Good controller algorithm formulations are based on numerical optimization (think MPC, differential dynamic programming, sampling-based motion-planning or reinforcement learning). Gazebo was designed around the ODE (Open Dynamics Engine) and Bullet physics engines which provide the states in over-complete Cartesian coordinates and enforce joint constraints via numerical optimization. This is good enough for disconnected bodies with few joint constraints but becomes a pain for complex dynamics such as humanoids or simulating human-robot interactions. Running complex simulations for huge candidate evaluations of humanoids can run into months using ROS (e.g. Todorov’s de novo synthesis). Whereas MUJOCO is optimized for parallel processing, distributed evaluation of possible controllers from which a candidate controller is chosen.

ODE simulators optimize the controller to the engine. This makes the controller cheat during simulations in ways that mean generated control laws may be physically unrealizable. Speed and accuracy? Controller optimization with MoveIt! (a motion planning framework from OSRF) is mostly done in a single threaded code without the advantage of explicit parallelization of code to make e.g. IK solutions faster. Implementation of concurrency and multithreading is left to the user (this is a big no-no for someone not interested in software engineering).

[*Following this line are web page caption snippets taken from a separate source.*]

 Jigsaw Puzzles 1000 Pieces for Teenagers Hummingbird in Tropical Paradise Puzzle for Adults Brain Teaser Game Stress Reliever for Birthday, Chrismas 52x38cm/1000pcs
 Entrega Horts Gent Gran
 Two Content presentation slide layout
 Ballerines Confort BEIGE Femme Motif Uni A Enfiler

ROS is strictly written based on the assumption that the user is running a Linux kernel. So users not familiar with Linux are thrown aback when they first get exposed to it. With MUJOCO, you do not need Linux or OSX as it works on Windows OS just fine. MUJOCO also use an XML parser to interpret links and joints and so it is able to read ROS URDFs and xacro files okay. But it doesn’t work the other way (see this answer from Todorov)

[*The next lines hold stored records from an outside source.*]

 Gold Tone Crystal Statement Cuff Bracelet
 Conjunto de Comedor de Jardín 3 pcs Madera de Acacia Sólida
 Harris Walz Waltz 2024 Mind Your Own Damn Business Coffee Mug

MPC implementations are elegant only when the model is accurate. Unexpected poor performance of an MPC controller will often be due to poor modeling assumptions (Rossiter). If the simulation engine emphasizes simulation stability over control law precision, we have a problem. And this is my problem with Gazebo and ROS generally. I read it somewhere in one of Todorov’s papers (can’t remember where I found it) that the floating point ops of MUJOCO were unit tested to >>355 decimal points. The OSRF community may be good at community based software engineering for robotics but you have to give Todorov the credit. He had the patience and tenacity to develop such a robust software for control simulation. People stopped paying attention to floating point operational precision back in the late 80’s/90’s.

What’s more? MUJOCO allows you to write your models in C. Engineers are head over boots for Matlab but I am all for a program or modeling software that stays close to ones and zeros as much as possible. It means being less dumbfounded when things do not work as you envisioned and greater flexibility in being the master and architect of your creation.